Tip and the Gipper is a magnificent personal history of a time when two great political opponents served together for the benefit of the country.
TIP AND THE GIPPER is a magnificent personal history of a time when two great political opponents served together for the benefit of the country. Chris Matthews was an eyewitness to this story as a top aide to Speaker of the House Tip O’Neill, who waged a principled war of political ideals with President Reagan from 1980 to 1986. Together, the two men forged compromises that shaped America’s future and became one of history’s most celebrated political pairings—the epitome of how ideological opposites can get things done.

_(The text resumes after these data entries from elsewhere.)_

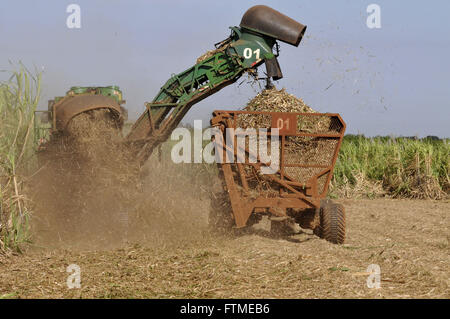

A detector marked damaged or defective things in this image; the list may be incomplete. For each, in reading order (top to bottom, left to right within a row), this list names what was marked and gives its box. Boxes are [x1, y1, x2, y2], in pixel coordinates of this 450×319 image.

rusty trailer [211, 110, 348, 245]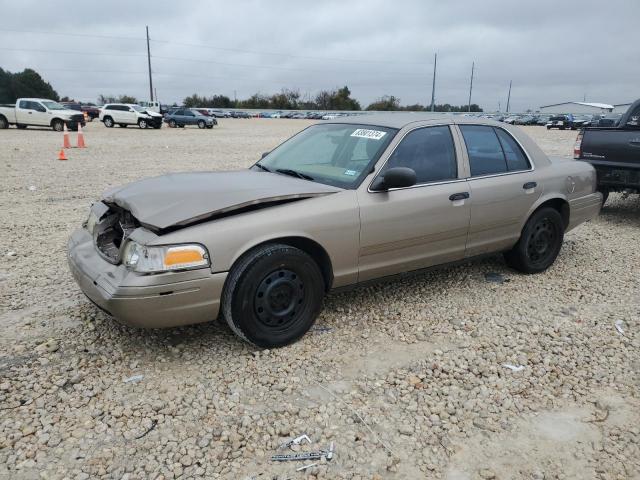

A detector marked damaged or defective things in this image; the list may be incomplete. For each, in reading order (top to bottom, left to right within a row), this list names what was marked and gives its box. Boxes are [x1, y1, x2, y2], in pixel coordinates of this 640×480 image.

cracked front bumper [67, 227, 226, 328]
broken headlight [121, 240, 209, 274]
crumpled hood [102, 170, 340, 230]
damaged ford crown victoria [67, 114, 604, 346]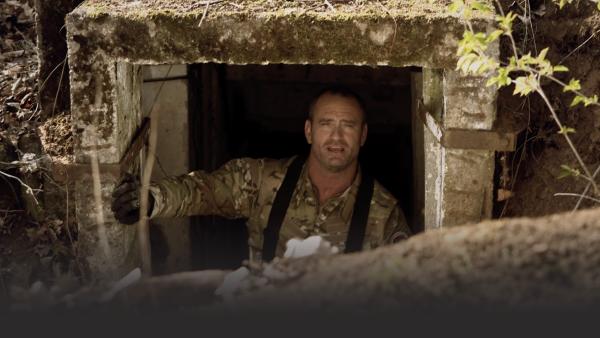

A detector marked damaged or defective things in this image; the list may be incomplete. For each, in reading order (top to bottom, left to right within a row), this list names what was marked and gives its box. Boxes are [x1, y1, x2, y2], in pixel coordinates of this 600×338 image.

rusty metal bracket [418, 99, 520, 151]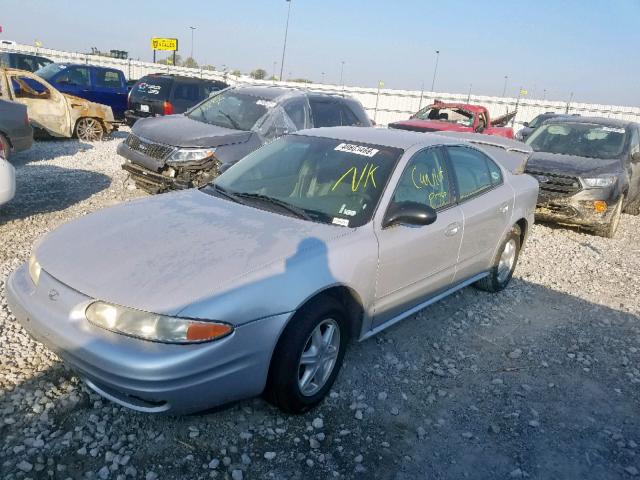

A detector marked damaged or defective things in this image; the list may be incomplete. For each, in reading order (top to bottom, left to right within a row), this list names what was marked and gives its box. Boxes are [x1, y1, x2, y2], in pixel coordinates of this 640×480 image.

wrecked car hood [132, 114, 252, 148]
damaged silver car [117, 86, 372, 193]
wrecked car hood [524, 152, 620, 176]
wrecked car hood [35, 189, 344, 320]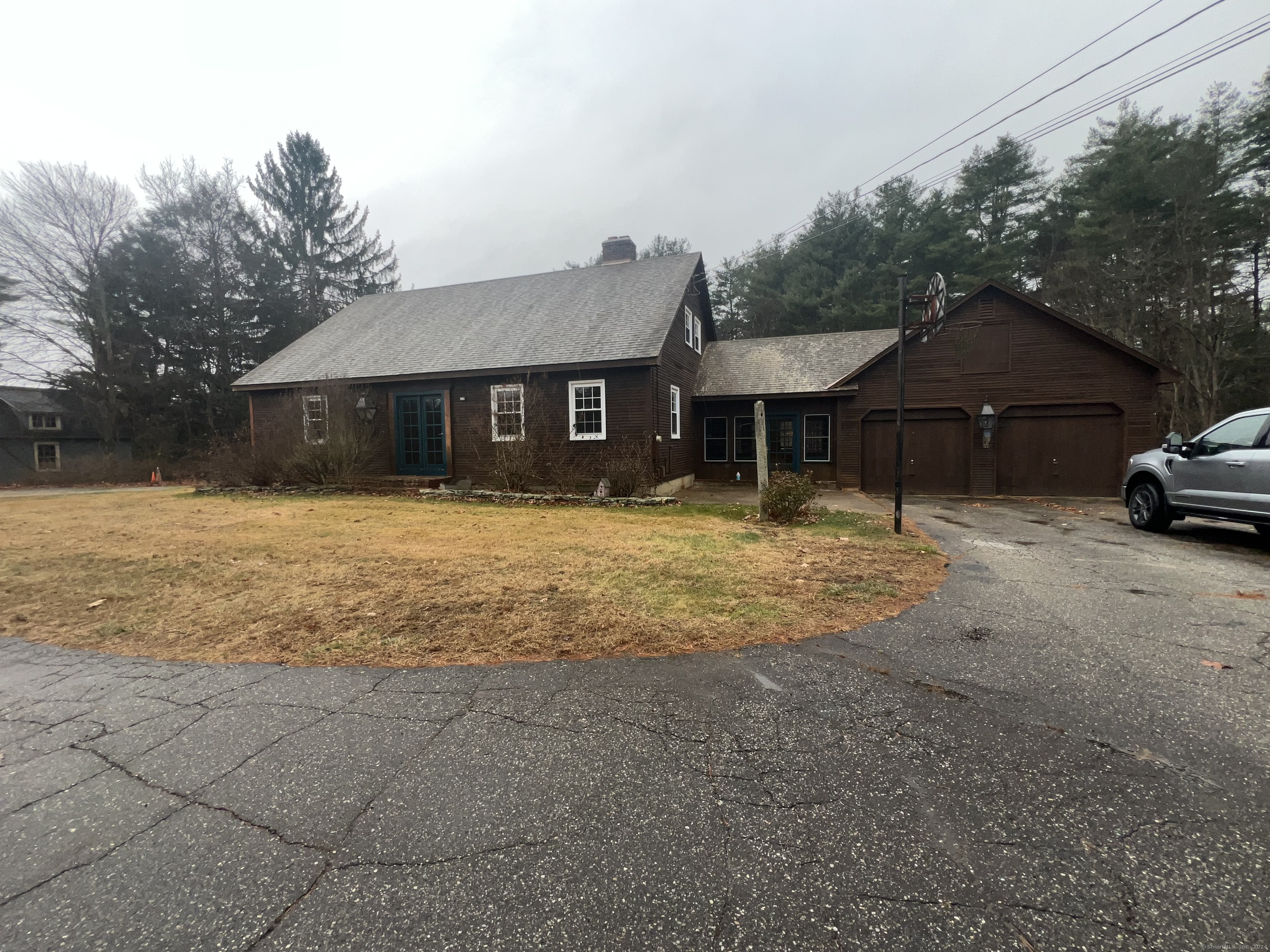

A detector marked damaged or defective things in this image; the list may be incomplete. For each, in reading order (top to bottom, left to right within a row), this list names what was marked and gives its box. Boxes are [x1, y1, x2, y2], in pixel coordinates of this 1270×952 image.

cracked asphalt driveway [0, 499, 1263, 952]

When Ronald Reagan was elected to the presidency in a landslide victory over Jimmy Carter (for whom Matthews had worked as a speechwriter), Speaker O’Neill realized Americans had voted for a change. For the first time in his career, O’Neill also found himself thrust into the national spotlight as the highest-ranking leader of the Democratic Party—the most visible and respected challenger to President Reagan’s agenda of shrinking the government and lowering taxes.
At first, O’Neill doubted his ability to compete on the public stage with the charming Hollywood actor, whose polished speeches played well on TV, a medium O’Neill had never mastered. Over time, the burly Irishman learned how to fight the popular president on his key issues, relying on legislative craftiness, strong rhetoric, and even guerrilla theater. “An old dog can learn new tricks,” Tip told his staff. Of O’Neill, one of his colleagues said, “If Martians came into the House chamber, they’d know instantly who the leader was.”

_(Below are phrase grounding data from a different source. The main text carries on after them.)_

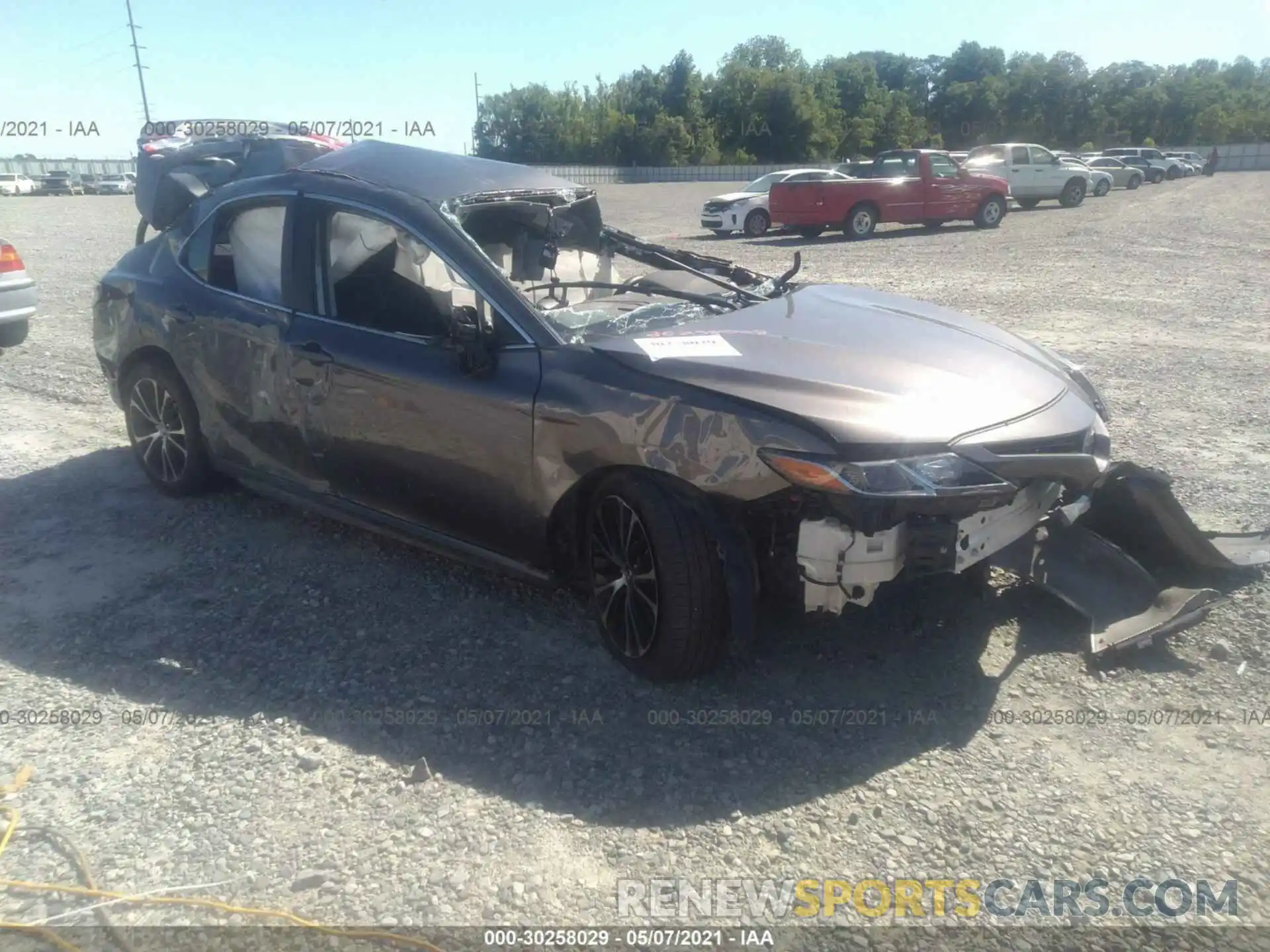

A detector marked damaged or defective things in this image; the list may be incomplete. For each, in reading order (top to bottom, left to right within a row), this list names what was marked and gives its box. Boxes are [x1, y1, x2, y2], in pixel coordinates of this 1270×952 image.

crumpled hood [700, 191, 757, 204]
wrecked toyota camry [92, 127, 1270, 680]
damaged gray sedan [99, 134, 1270, 680]
crumpled hood [589, 283, 1077, 446]
damaged front bumper [797, 461, 1265, 654]
detached bumper cover [995, 461, 1265, 654]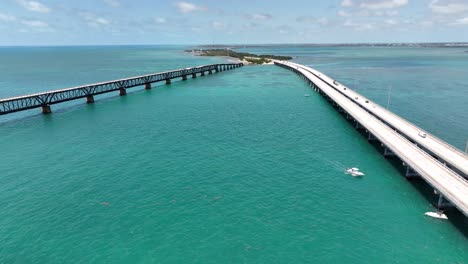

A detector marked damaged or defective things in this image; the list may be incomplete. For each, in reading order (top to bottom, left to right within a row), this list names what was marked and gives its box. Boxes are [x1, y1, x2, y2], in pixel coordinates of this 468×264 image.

rusted bridge section [0, 63, 241, 115]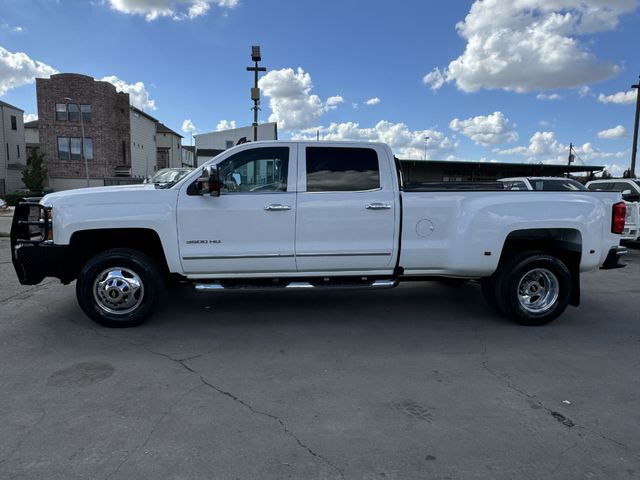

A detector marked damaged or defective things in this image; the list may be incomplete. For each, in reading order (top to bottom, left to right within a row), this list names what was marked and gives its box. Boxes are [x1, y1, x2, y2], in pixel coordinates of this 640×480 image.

crack in pavement [104, 382, 202, 480]
crack in pavement [80, 322, 344, 480]
crack in pavement [480, 344, 632, 454]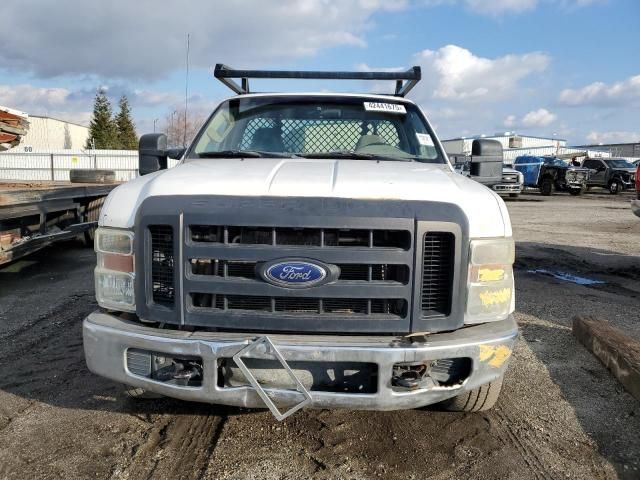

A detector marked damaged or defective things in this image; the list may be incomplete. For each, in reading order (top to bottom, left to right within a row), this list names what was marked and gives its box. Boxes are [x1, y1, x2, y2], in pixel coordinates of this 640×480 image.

damaged vehicle nearby [516, 156, 592, 197]
damaged vehicle nearby [82, 66, 516, 420]
damaged front bumper [82, 312, 516, 416]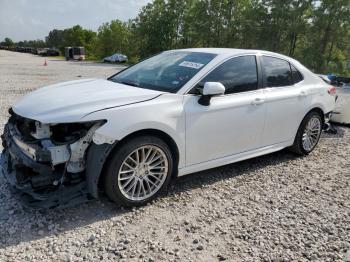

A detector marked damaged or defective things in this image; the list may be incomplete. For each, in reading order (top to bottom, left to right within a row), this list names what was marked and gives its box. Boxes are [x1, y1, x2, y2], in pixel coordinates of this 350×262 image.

crushed hood [12, 78, 163, 123]
broken headlight [50, 119, 105, 144]
damaged white sedan [0, 49, 336, 208]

Meanwhile, President Reagan proved to be a much more effective and savvy leader than his rivals had ever expected, achieving major legislative victories on taxes and the federal budget. Reagan and his allies knew how to work the levers of power in Washington. After showing remarkable personal fortitude in the wake of the assassination attempt against him, Reagan never let his political differences with Democrats become personal. He was fond of the veteran Speaker’s motto that political battles ended at 6 p.m. So when he would phone O’Neill, he would say, “Hello, Tip, is it after six o’clock?”
Together, the two leaders fought over the major issues of the day—welfare, taxes, covert military operations, and Social Security—but found their way to agreements that reformed taxes, saved Social Security, and achieved their common cause of bringing peace to Northern Ireland. O’Neill’s quiet behind-the-scenes support helped Reagan forge his historic Cold War–ending bond with Mikhail Gorbachev. They each won some and lost some, and through it all they maintained respect for each other’s positions and worked to advance the country rather than obstruct progress.
As Matthews notes, “There is more than one sort of heroic behavior, and they don’t all look the same.” Tip and the Gipper is the story of the kind of heroism we need today.
About the Author
Chris Matthews is the host of MSNBC’s Hardball. He is the author of Jack Kennedy—Elusive Hero; Tip and the Gipper—When Politics Worked; Kennedy and Nixon; Hardball; and now Bobby Kennedy: A Raging Spirit.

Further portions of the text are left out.